The second political point—with a small “p”—is not quite as direct to the Minister, but a request to him to carry a message back. A measure of the impact of the report of the Science and Technology Select Committee is to be found, first, in this volume of evidence, and, secondly, in the subsequent reports from those who gave evidence in the first place in response to the Government’s reply. This is a measure of the impact of the importance of this committee. It is an impact which goes far beyond this Chamber. Will the Minister draw this to the attention of those who are charged with making proposals for the reform of the House of Lords? An elected House, which would have no room for the calibre of scientific expertise and wider scientific engagement which this committee attracts, would be a much impoverished House. That point needs to be before those who are to think about the future shape of this House.

However, perhaps I may slightly deviate from my noble friend Lord Patel, who expressed his disappointment eloquently on the government response. That was a relative disappointment: I simply have to add that if noble Lords had seen some of the government responses that I have seen over the years, this is pretty good. At least there are some proposals which suggest that the previous Government were interested in moving forward in this area, which are to be welcomed. The fact that there is a good, considered government response, although it does not agree on all points, is a civilised way of advancing debate on this important and complex topic. I shall come to this issue shortly.

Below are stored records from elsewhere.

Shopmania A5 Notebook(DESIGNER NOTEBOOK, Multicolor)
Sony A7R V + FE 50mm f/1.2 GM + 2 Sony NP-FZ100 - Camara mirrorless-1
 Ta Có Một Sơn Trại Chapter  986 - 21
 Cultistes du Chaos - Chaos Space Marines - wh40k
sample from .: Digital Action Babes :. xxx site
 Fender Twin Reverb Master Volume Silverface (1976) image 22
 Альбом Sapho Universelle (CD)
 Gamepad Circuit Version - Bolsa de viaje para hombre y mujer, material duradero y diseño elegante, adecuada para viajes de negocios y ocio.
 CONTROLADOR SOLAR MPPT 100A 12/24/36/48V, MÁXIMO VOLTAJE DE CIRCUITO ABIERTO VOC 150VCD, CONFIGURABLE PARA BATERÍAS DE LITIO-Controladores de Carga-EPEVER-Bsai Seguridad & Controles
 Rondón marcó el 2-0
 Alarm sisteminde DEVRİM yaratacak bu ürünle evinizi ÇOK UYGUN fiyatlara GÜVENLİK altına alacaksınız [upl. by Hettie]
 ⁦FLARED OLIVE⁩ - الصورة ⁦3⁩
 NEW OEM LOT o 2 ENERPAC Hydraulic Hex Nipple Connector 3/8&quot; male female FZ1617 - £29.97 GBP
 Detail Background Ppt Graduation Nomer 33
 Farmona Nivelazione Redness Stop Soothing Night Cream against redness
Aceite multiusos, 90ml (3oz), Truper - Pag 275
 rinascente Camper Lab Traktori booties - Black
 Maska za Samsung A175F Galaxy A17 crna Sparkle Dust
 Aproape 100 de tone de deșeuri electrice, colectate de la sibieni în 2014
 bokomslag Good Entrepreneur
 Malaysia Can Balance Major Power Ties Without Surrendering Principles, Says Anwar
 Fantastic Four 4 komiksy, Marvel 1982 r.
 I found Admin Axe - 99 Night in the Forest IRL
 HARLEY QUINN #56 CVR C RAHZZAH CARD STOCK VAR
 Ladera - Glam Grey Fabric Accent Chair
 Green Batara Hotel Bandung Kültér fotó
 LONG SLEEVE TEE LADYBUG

As other speakers have indicated, I should like to say a word first on the broader context which we inhabit. In scientific terms, the context is one of significant scientific advance in this country and elsewhere. There are fruits to be cropped here of huge significance; namely, medically, the health of the nation, commercially for the economic health of the nation and so on. These advances give us the capacity over time to extend the range of medical treatments and the good health of the nation. It should be noted that most of the advances proposed in this report are potentially part of that holy grail of preventive medicine—that after which we all seek and strive, but to which we seldom pay sufficient attention. Preventive medicine is to be preferred to the rather more expensive remedial alternative. Again, this report gives a direction of travel if we are to make the most of that. That is the scientific context.

The economic context is well expressed in the perhaps ill judged joke—“Sorry there's no money left”. However, the truth of this is evident to all of us—we are in times of severe financial constraint. That constraint allows various responses. One response is special pleading on our part and I have no doubt that there will be a fair bit of that. There will be special pleading to say that this is important, and it is, but that is not the direction I wish to follow now. A second response is to cut and slash percentagewise across the board, which would be ill considered in this area. Let us be strategic in our thinking.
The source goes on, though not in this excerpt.